The Knesset has 12 standing committees: House (or Knesset) Committee, dealing with the Knesset agenda; Finance; Economics; Defense and Foreign Affairs; Interior and Environment; Immigration and Absorption; Education and Culture; Constitution, Law, and Justice; Labor and Social Affairs; Public Audit (Control); War against Drug Affliction and Advancing the Status of Women.
Committee chairpersons are chosen by their members, on the recommendation of the House Committee, and their factional composition resembles that of the Knesset itself. Committees may elect subcommittees and delegate powers to them. They may also establish joint committees for issues concerning more than one committee. In addition to their legislative function, the committees discuss government regulations or any matter referred to them by the plenum. To further their deliberations they invite government ministers, senior officials, and experts in the matters being discussed. Committees may require explanation and information from relevant ministers in any matter within their competence, and the ministers, or persons appointed by them, must provide the explanation or information requested.
The committee may propose as many amendments as it wishes, as long as the general topic of the bill is not impaired. The committee then returns the amended bill to the plenum for a second reading, where the deliberations and voting take place on each section separately.

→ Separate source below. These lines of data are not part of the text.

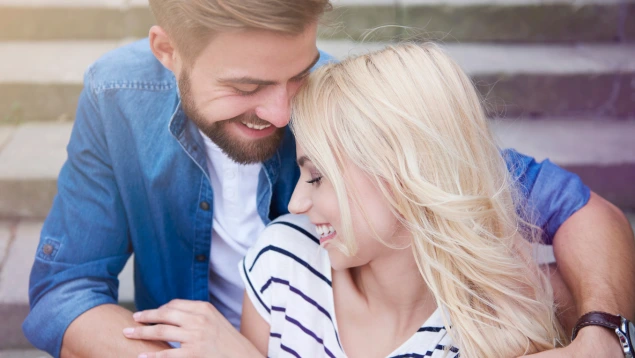 Pareja sonriente sentada abrazándose en unas escaleras, representando el tiempo libre o los días libres por pareja de hecho.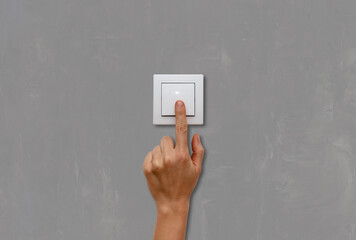 Female finger on light switch close-up on grey concrete wall background.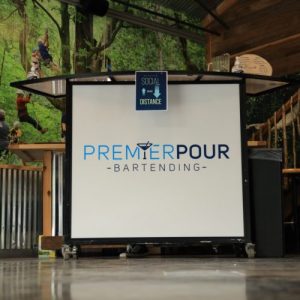 Premier Pour Bartending white mobile bar with logo set up for an event with Metroparks Toledo.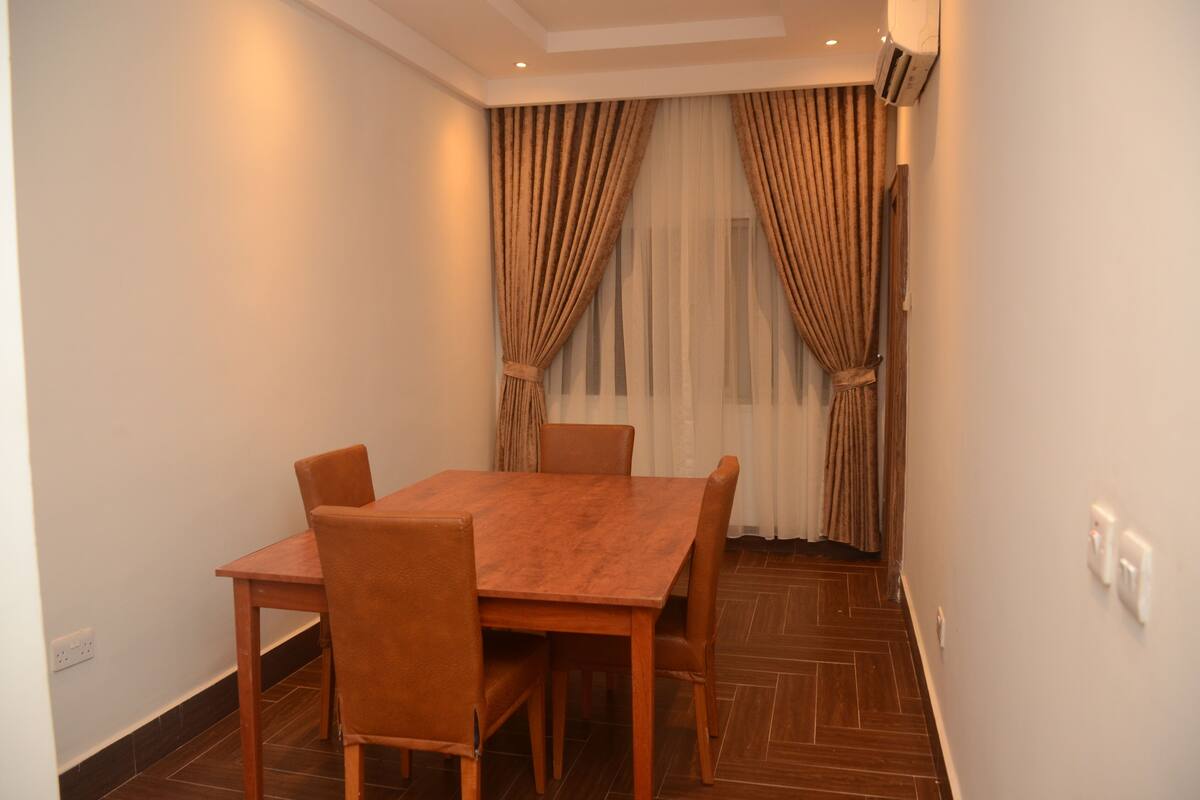 A room with a wooden table and four chairs, a window with curtains, and a tiled floor.
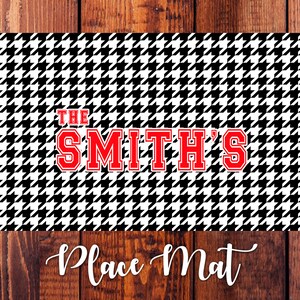 May include: Black and white houndstooth place mat with the text "THE SMITH'S" in red.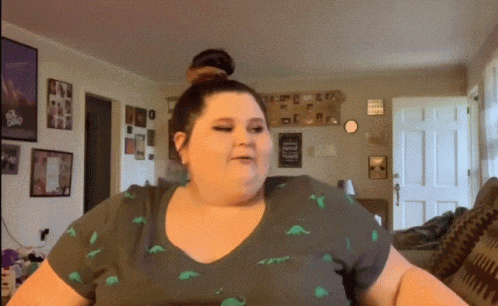 a woman wearing a t-shirt with dinosaurs on it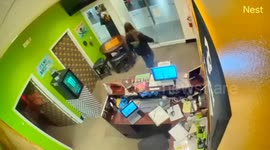 CCTV shows teen employee shelter shoppers during shooting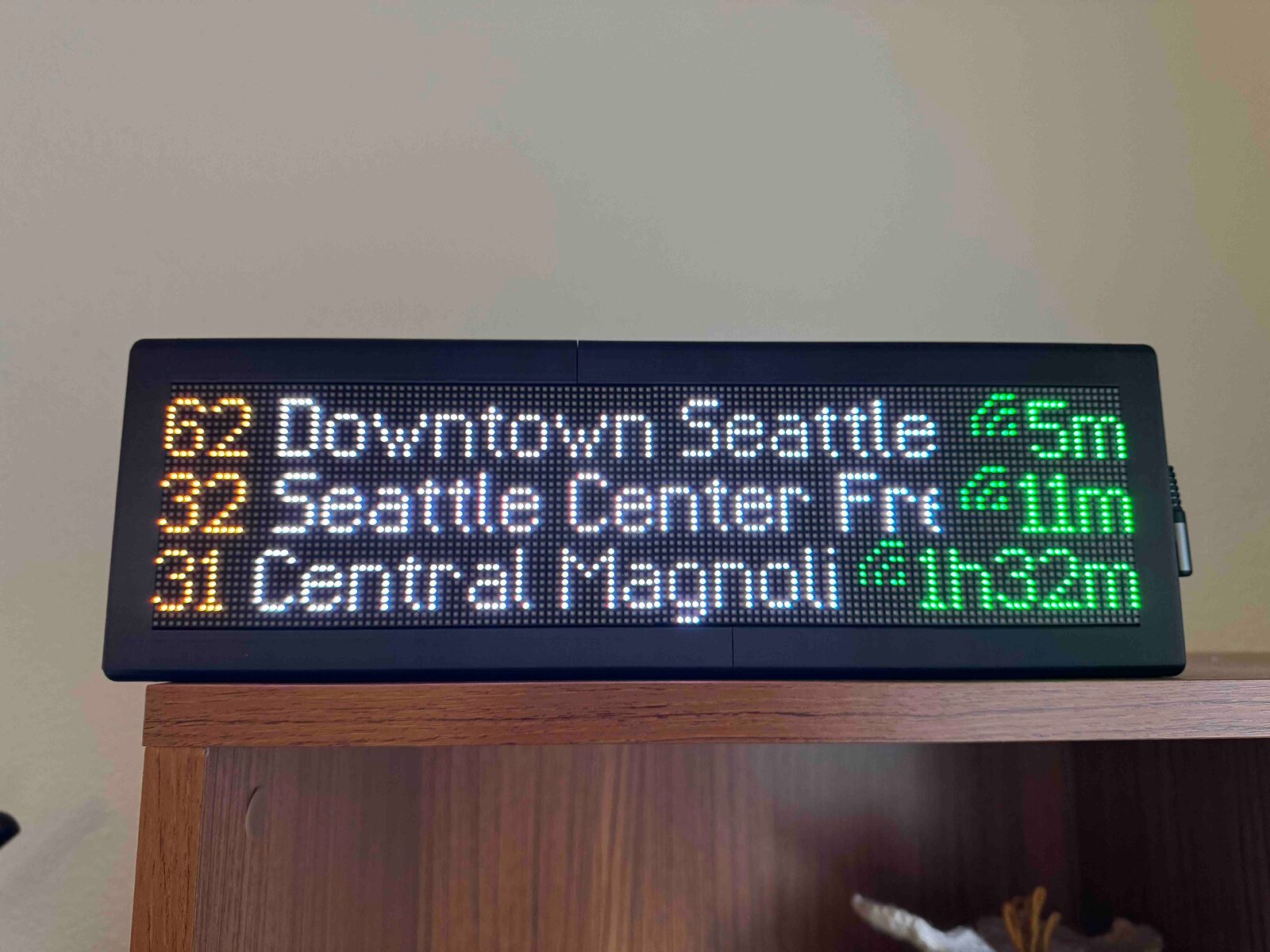 A closeup of a DIY public transit arrivals board. It shows a couple of different arrivals times for different buses around Seattle.
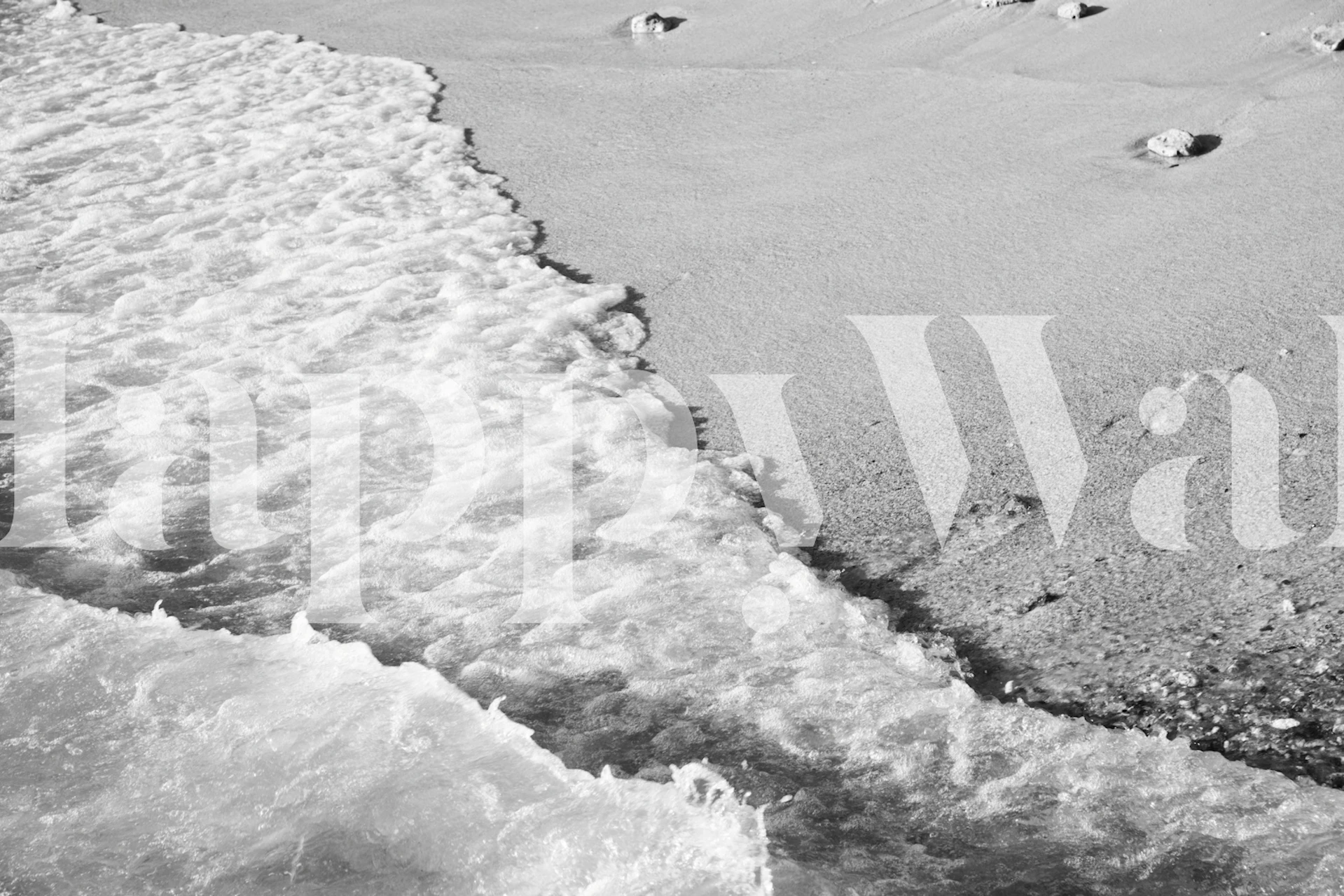 Seafoam wave patterns on sandy beach with soft textures wallpaper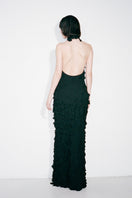 Elegant black Swan gown by Nué featuring flowing fabric and a sophisticated design, perfect for formal occasions.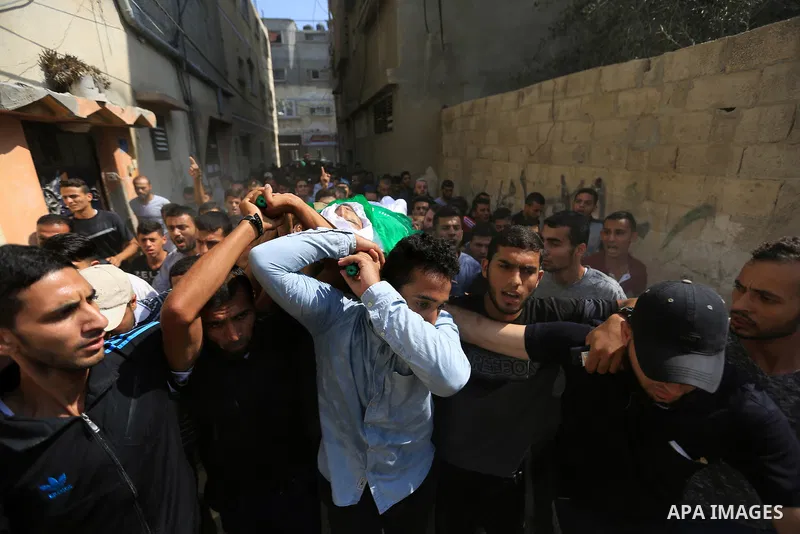 Mourners carry the body of Palestinian Mohammed Shakhsa, 24, who was shot dead by Israeli forces during clashes in tents protest where Palestinians demand the right to return to their homeland at the Israel-Gaza border,...
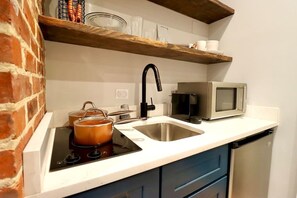 Fridge, microwave, stovetop, coffee/tea maker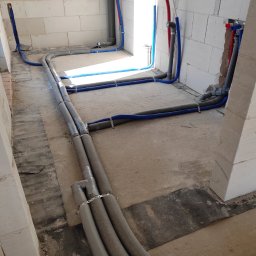 MSinstalacje Maciej Stępkowski - Instalacja wodna i kanalizacyjna w surowym stanie, rury izolowane szarą otuliną, niebieskie rury PEX mocowane do podłoża metalowymi uchwytami, widoczne przyłącza do ściany z bloczków.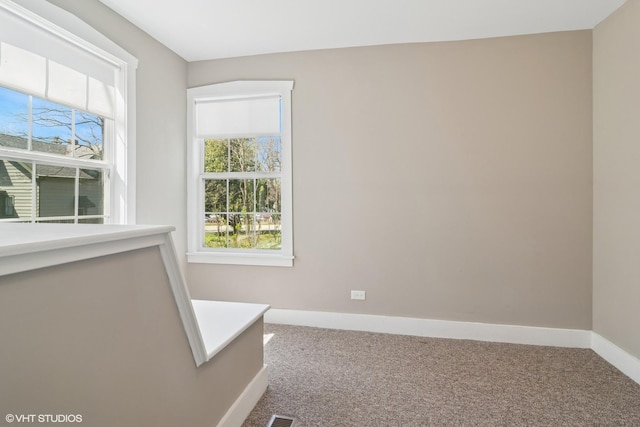 empty room featuring a healthy amount of sunlight, baseboards, and carpet flooring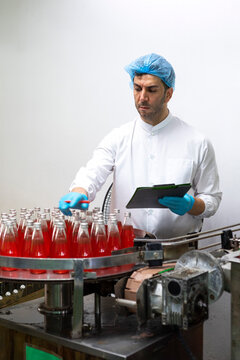 Portrait of mature male researcher with bottle of red beverage in bottle factory.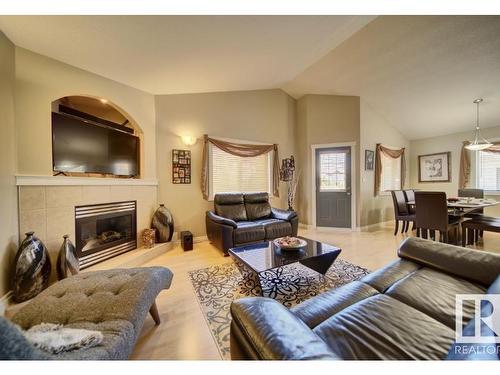 16220 49 Street, Edmonton, AB - Indoor Photo Showing Living Room With Fireplace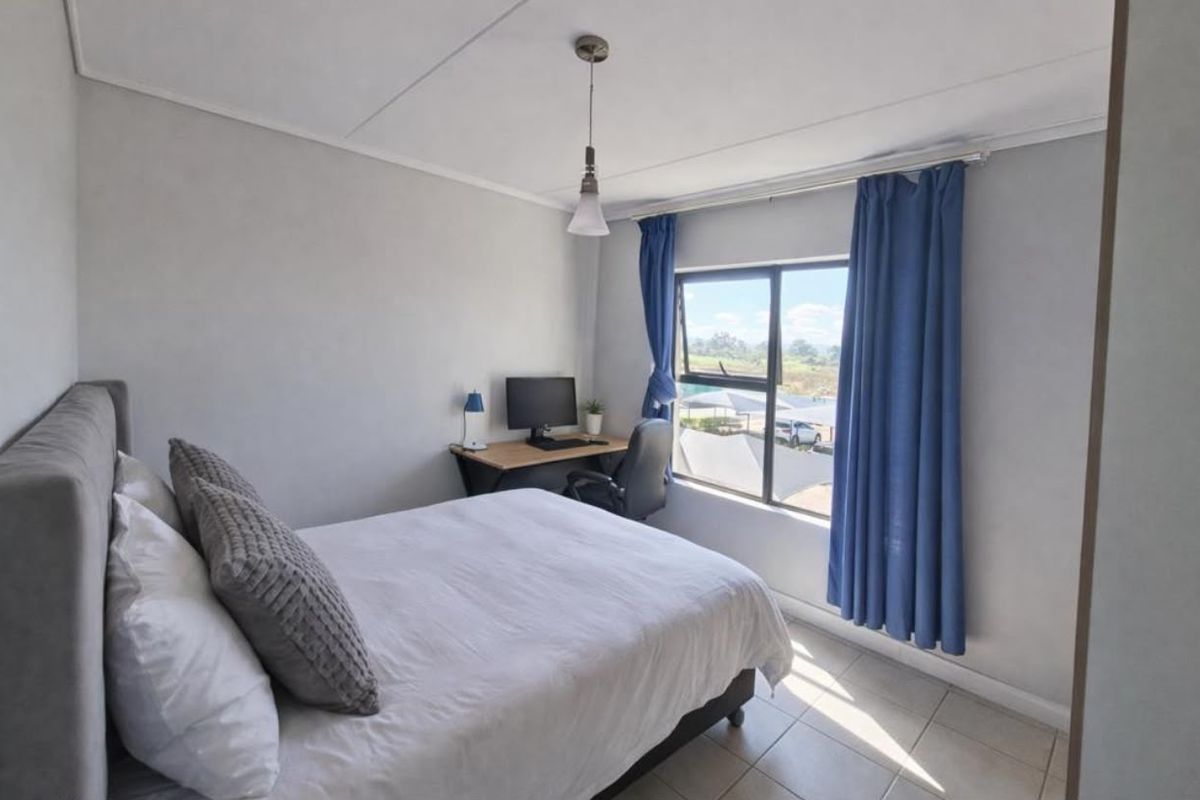 A bright bedroom featuring tiled flooring, a pendant light, and an aluminium window frame with views of the surrounding area.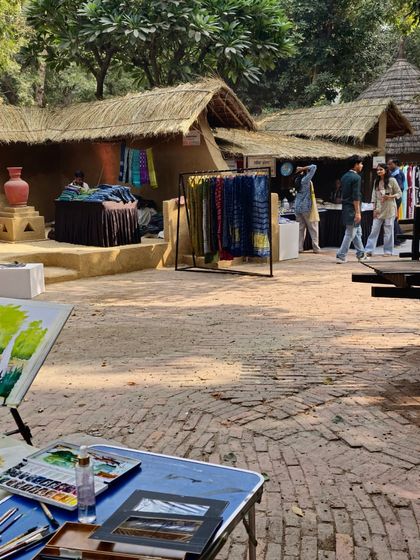 A plein air painter's setup, with an easel and palette ready to capture the rustic charm of the Craft Museum.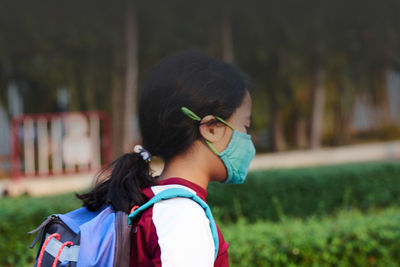 Side view of young woman looking away against trees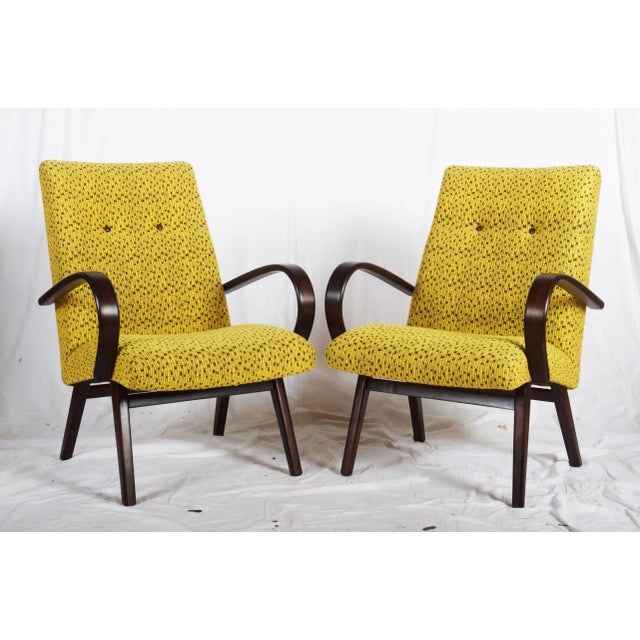 This pair of armchairs from the mid-1960s are made from beechwood and bentwood with upholstery, remaining in an original...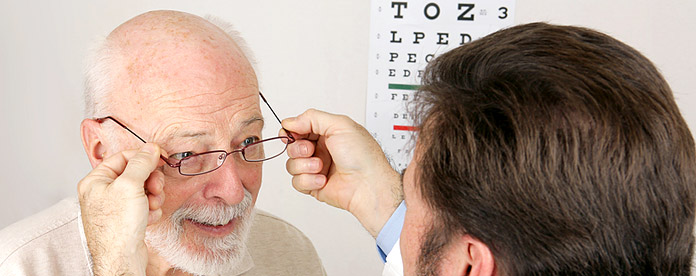 An older man being fitted with a new pair of glasses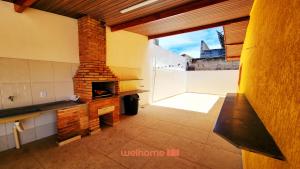 a living room with a brick fireplace in a house at Casa em Ubatuba a 350m da Praia das Toninhas - Casa Praia in Ubatuba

In the third and final reading, the bill is presented in its final form, as adopted in the second reading. While most Knesset votes are by show of hands, certain cases are resolved by secret ballot or by roll-call vote. The Twelfth Knesset was the first to institute electronic voting.
If a bill passes, it is signed by the presiding speaker and is later published in the Official Gazette, with the signatures of the president, prime minister, Knesset speaker and the minister responsible for the law's implementation. Finally, the state seal is placed on it by the minister of justice, and the bill becomes law.
By law, MKs enjoy lifetime personal immunity from prosecution for votes, acts committed, or opinions expressed in the course of duty. During their term of office, they are also immune from a search of their homes or bodies (except for customs' checks) and are not subject to arrest unless caught in the commission of a violent crime, disturbance of the peace, or treason. This immunity can be lifted if the Knesset plenum so resolves. Finally, access to and activity in the Knesset building and compound require permission from the Speaker of the Knesset.